I think it would depend on how faint of details you want to reveal, and how clean you want them to be. With 100% Q.E. and 0e- read noise (and let's also say zero dark current), you have a perfect sensor. However, even with a perfect sensor, you still have to deal with shot noise in the signal itself, as well as shot noise from airglow (if you are at an exceptional dark site). You would need an extremely long exposure, hours, to image IFN with clean results, for example...because it will still have shot noise, and it is extremely faint.
Full well capacity is a function of pixel size (area of the photodiode). So, maybe if you were using 24 micron pixels, and if you had perfect polar alignment without any drift, no wind, no other environmental factors that might ruin the exposure, no frame intrusions like airplanes, meteors, satellites, etc. Then, when you have a perfect sensor and perfect imaging conditions and perfect tracking at a perfect dark site...you might be able to simply expose for hours on end until just before twilight, then end your exposure.

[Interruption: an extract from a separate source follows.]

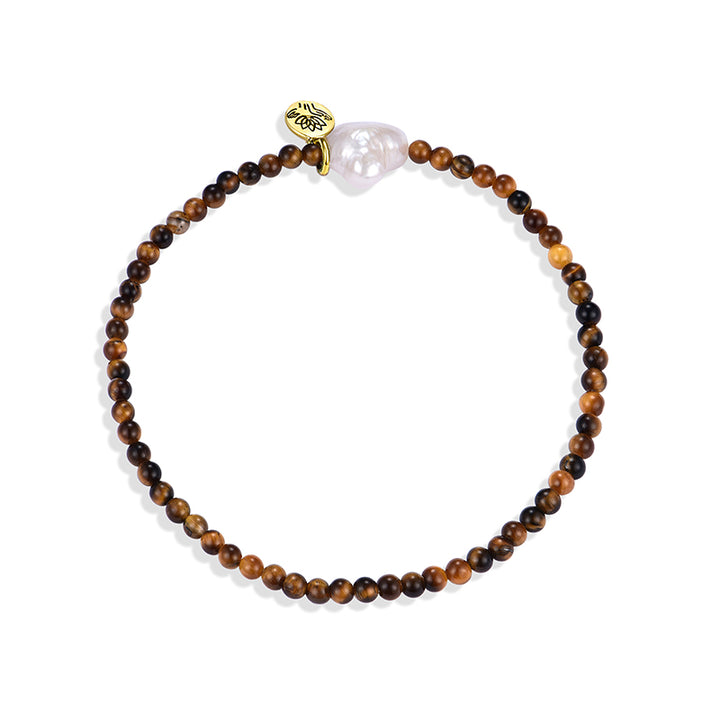 TIGER'S EYE 'COURAGE' LUNA PEARL BRACELET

That would really indeed have to be one heck of a PERFECT night, though. I've never experienced such a night myself. Tracking issues and frame intrusions alone would ruin even a single 1-hour sub, assuming I just wanted to keep that sub as my final image. There are key benefits to stacking, such as sigma rejection, and dithering, which allow us to get more ideal results than a single exposure allows. It is more reliable as well...because there is always going to be something that screws up long subs, and if you are going for just one big long sub over an entire night...then if anything messes it up, you just lost your entire night, rather than just "one sub".